_TRY IT_
Write out the line that holds "Item preview, Flag" together with every line that follows it to the end of the material below, exactly. Omit the pictures.

─── GIVEN INFORMATION

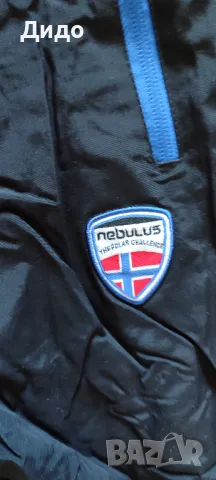 Детски ски панталон Nebulus, снимка 3 - Детски якета и елеци - 47756349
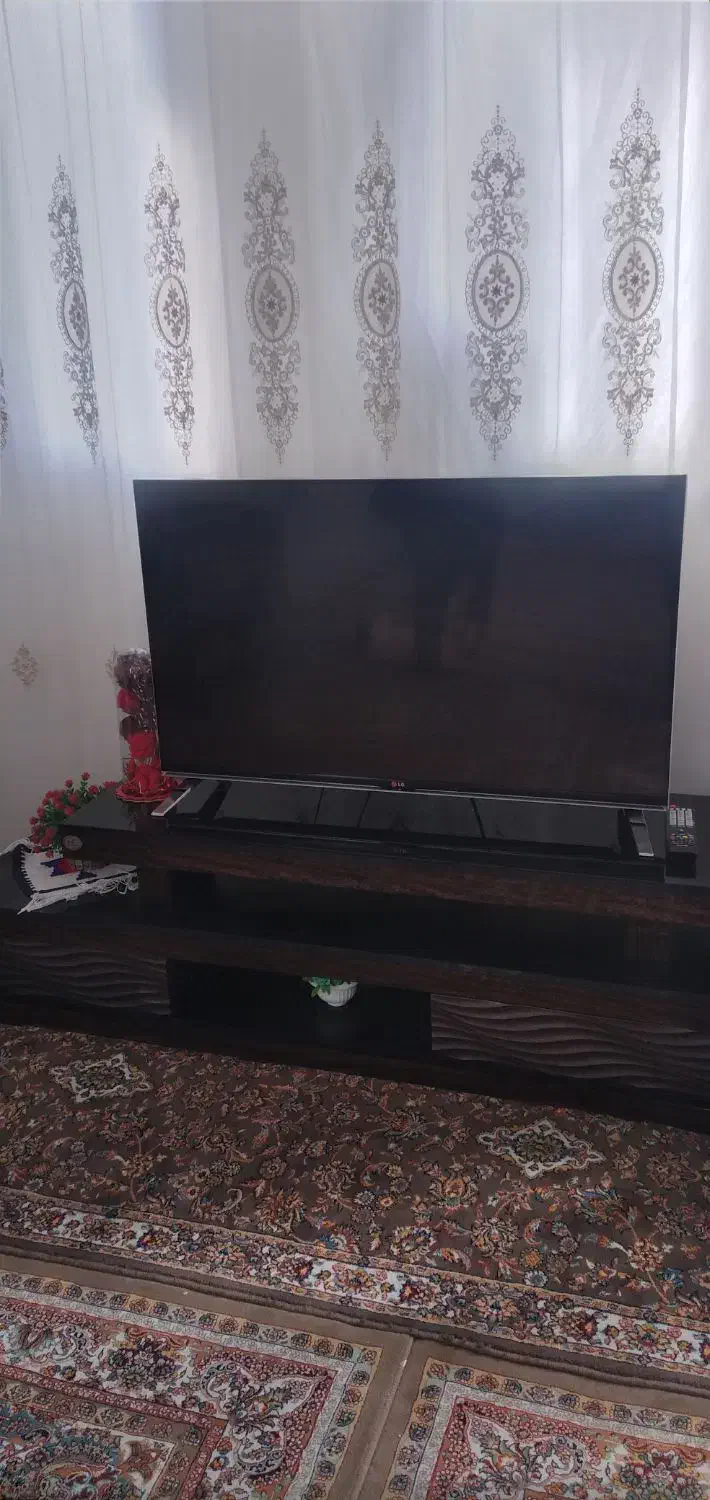 میزtv|میز تلویزیون|فردیس, شهرک شهید حسینی|دیوار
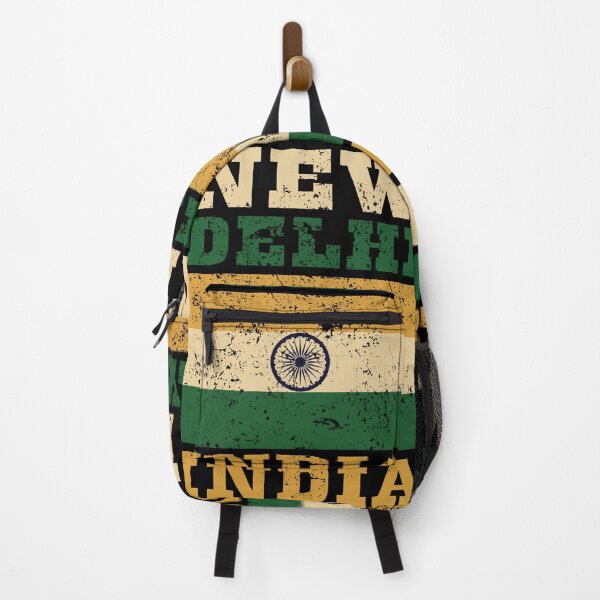 Item preview, Flag of India designed and sold by KewaleeTee.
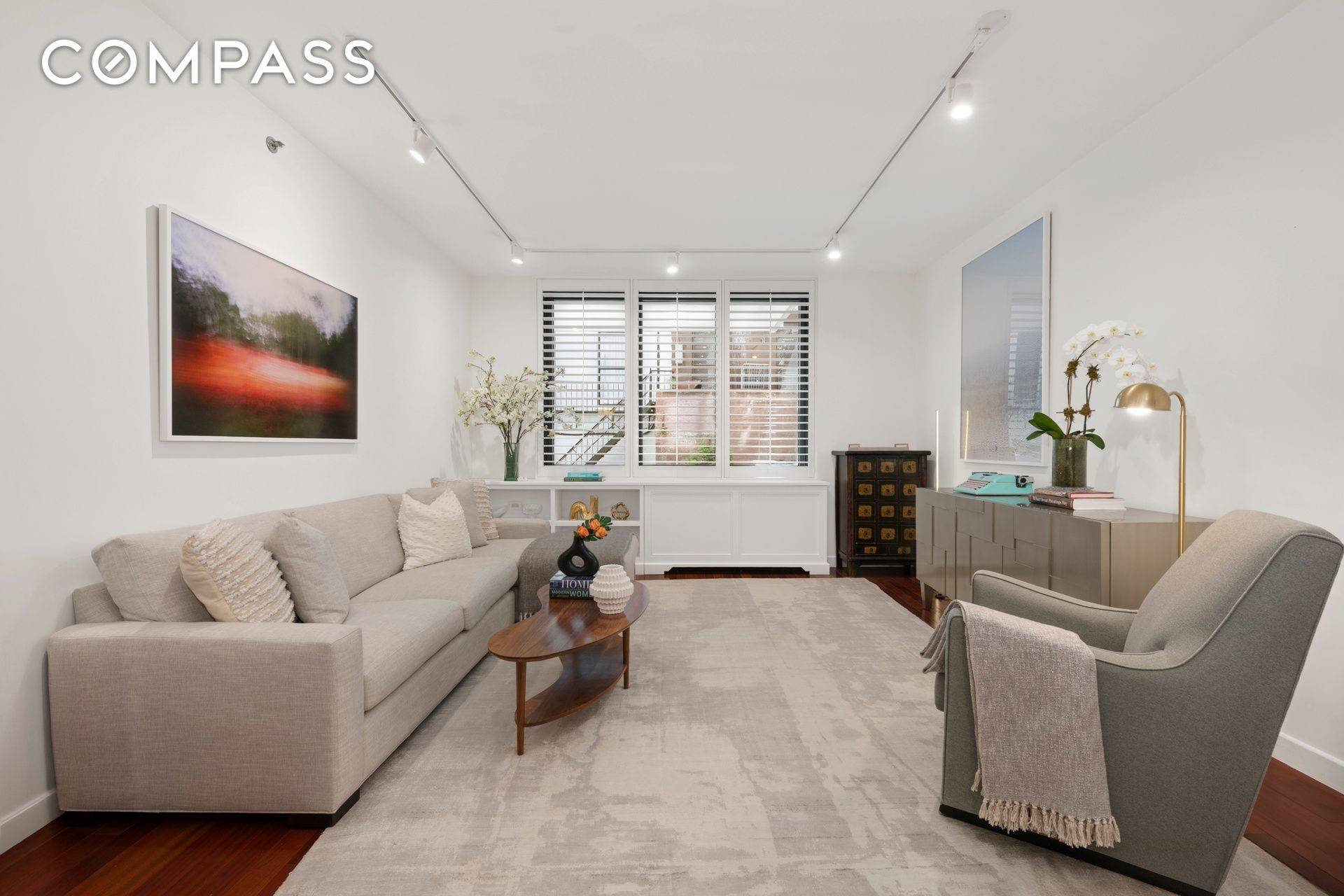 This beautifully renovated extra large 1, 769 sq.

──────

_ANSWER SPACE_
 Item preview, Flag of India designed and sold by KewaleeTee.
 This beautifully renovated extra large 1, 769 sq.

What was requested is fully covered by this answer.